By Jay Eshelman
The Vermont Agency of Education has released draft articles of agreement for districts forced to merge under Act 46, a document that outlines how the new consolidated entities would be governed, with key implications for communities worried about how their larger neighbors would share power.
But what if school districts, for good reason, vote against merging? There are several school districts in this fix — Holland, Windham, Franklin, Barnard, Montgomery, Groton, Wells River, Ryegate, Blue Mountain and Black River, to name a few.
Here’s the deal. When a school district with a public school chooses against a merger, one of its options is to close its school and reopen it as independent school. In doing so the school district is authorized through 16 V.S.A. § 821, § 822, § 823 and § 824 to allow each parent to choose the school that best meets the needs of their children, public or independent. The state’s share of the cost per student is limited to the annual ‘announced tuition’ for independent school students at $13,910 (elementary grades pre-K-6) and $15,618 (secondary grades seven through 12). Tuitions to “designated” independent schools and public schools are similarly calculated. Typically, these tuition vouchers are less expensive for taxpayers than the existing cost per student of the public schools being replaced because frivolous state mandated regulations and procedures are more easily limited and controlled. The reopened independent schools, for example, often find they can operate successfully with only the tuition voucher while saving taxpayer money and maintaining the autonomy of their community school.
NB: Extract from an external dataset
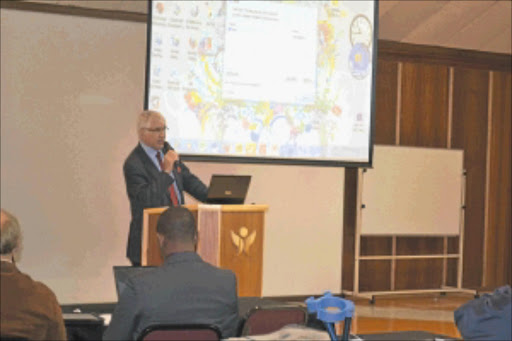 POSITIVE: Head of the Western Cape department of health Professor Craig Househam addresses people on the NHI pilot project in Mitchell's Plain. Photo: UNATHI OBOSE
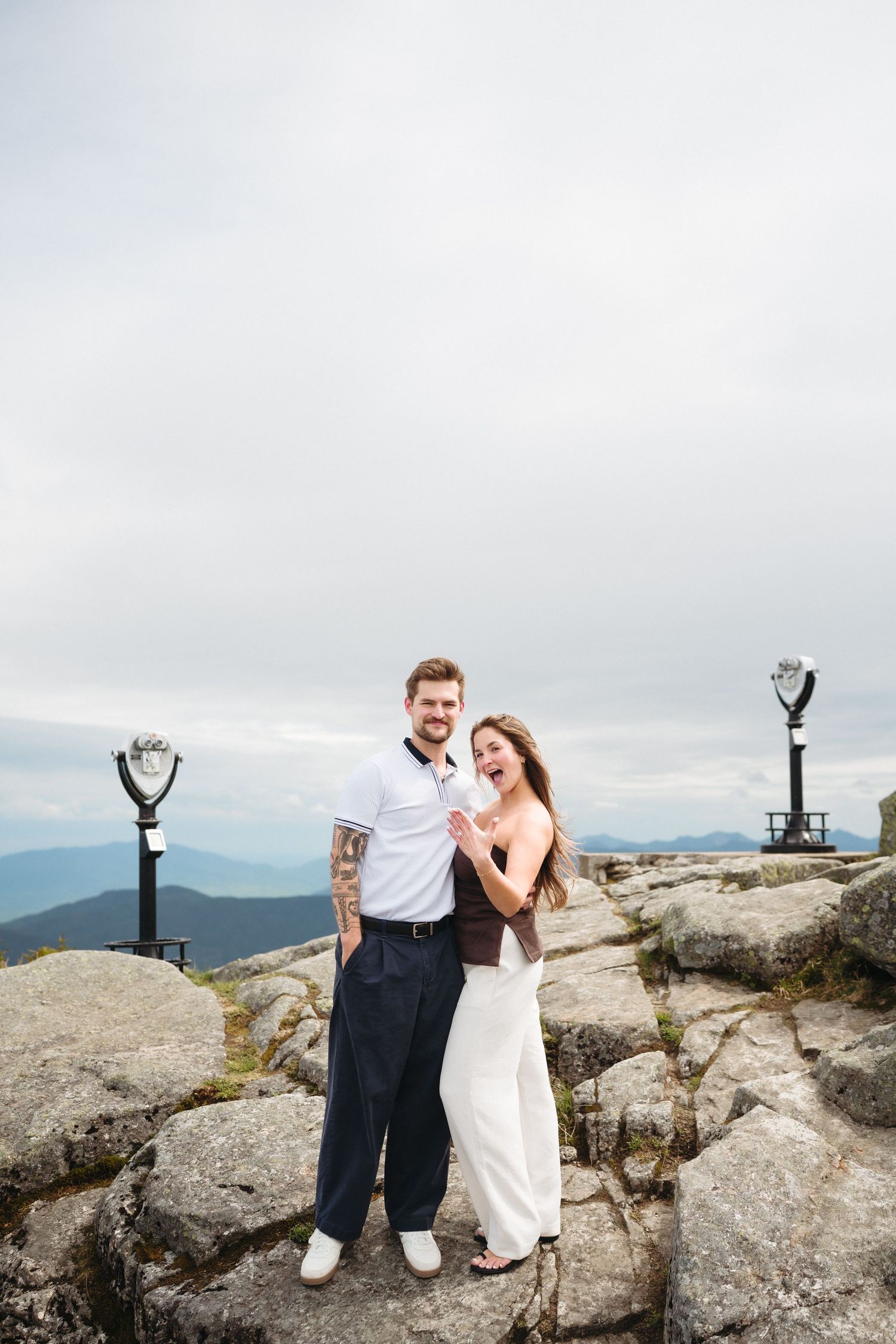 Happy couple posing on rocky mountain top with panoramic views and coin-operated binoculars nearby.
But now the agency says school closures won’t block mergers. As reported in VTDigger, “In a memo compiled last week, Vermont Agency of Education officials argue that unless districts actually shutter their schools before the State Board of Education issues their plan under Act 46 – which could come as soon as next month – that scheme to forestall mergers won’t work.”
The Agency of Education and its State Board (SBOE) recognize that school districts that vote against mergers and close their schools are a threat to the education monopoly’s viability, and they are doing everything they can to stop school districts who have, through the Act 46 process, figured out that closing their public schools is their best option financially and academically.
However, school districts that are considering closing their schools are in a race against time. They must act before they are merged with other districts, because once these districts are forced to merge, they lose their autonomy and authority to govern their district. This is what all the hubbub is about.
The AOE and SBOE pretense that school districts choosing not to merge can’t vote to close their schools to create independent schools in their place, because of timing, is a continuation of SBOE deceptiveness and bad faith negotiation. After all, there is nothing in 16 V.S.A. § 821, § 822, § 823 and § 824, the statutes governing a school district’s authority in this regard, or in Act 46, that restrict an autonomous school district’s authority to close its schools based on arbitrarily determined “inchoate” or “ephemeral” timeliness.
As a result, anti-Act 46 groups are threatening to sue the SBOE and the AOE. A publication released in August by Vermonters for Schools and Community highlights the overreach by the Vermont Agency of Education and its State Board of Education.
Is the Vermont education monopoly inclined to heed the wishes of Vermont school boards, parents and communities? State Board Chair Krista Huling said the threat of going to court wasn’t going to sway them either way.
So, there you have it. Apparently, litigation is the only remedy available and these groups are tasked with the unenviable position of financing law suits against an organization they’re forced to fund with their tax dollars.
The Catch 22
What happens when a school district that voted to close and reopen its public school as an independent school is forced to merge after its change to independent governance? Typically, because the original district was a small district to begin with, when it’s forced to merge its board participation is limited to the proportion of its students in the newly consolidated district. If the board members in the other merged districts, who now control the new board majority, decide to reconsider the governance of the smaller district, they can override the vote of the original smaller district’s electorate.
The question we must ask is this: Given Vermont’s nearly highest-in-the-nation cost of education and the mediocre academic performance of its students, can voters reasonably expect Vermont’s same education establishment to (1) provide substantial equity in the quality and variety of educational opportunities statewide, (2) lead students to achieve or exceed the State’s Education Quality Standards, (3) maximize operational efficiencies, (4) promote transparency and accountability, (5) deliver at a cost that parents, voters and taxpayers value by consolidating the governance and practices that created Vermont’s high education cost and mediocre academic performance in the first place?
Jay Eshelman is a former school board director and business owner living in Vermont.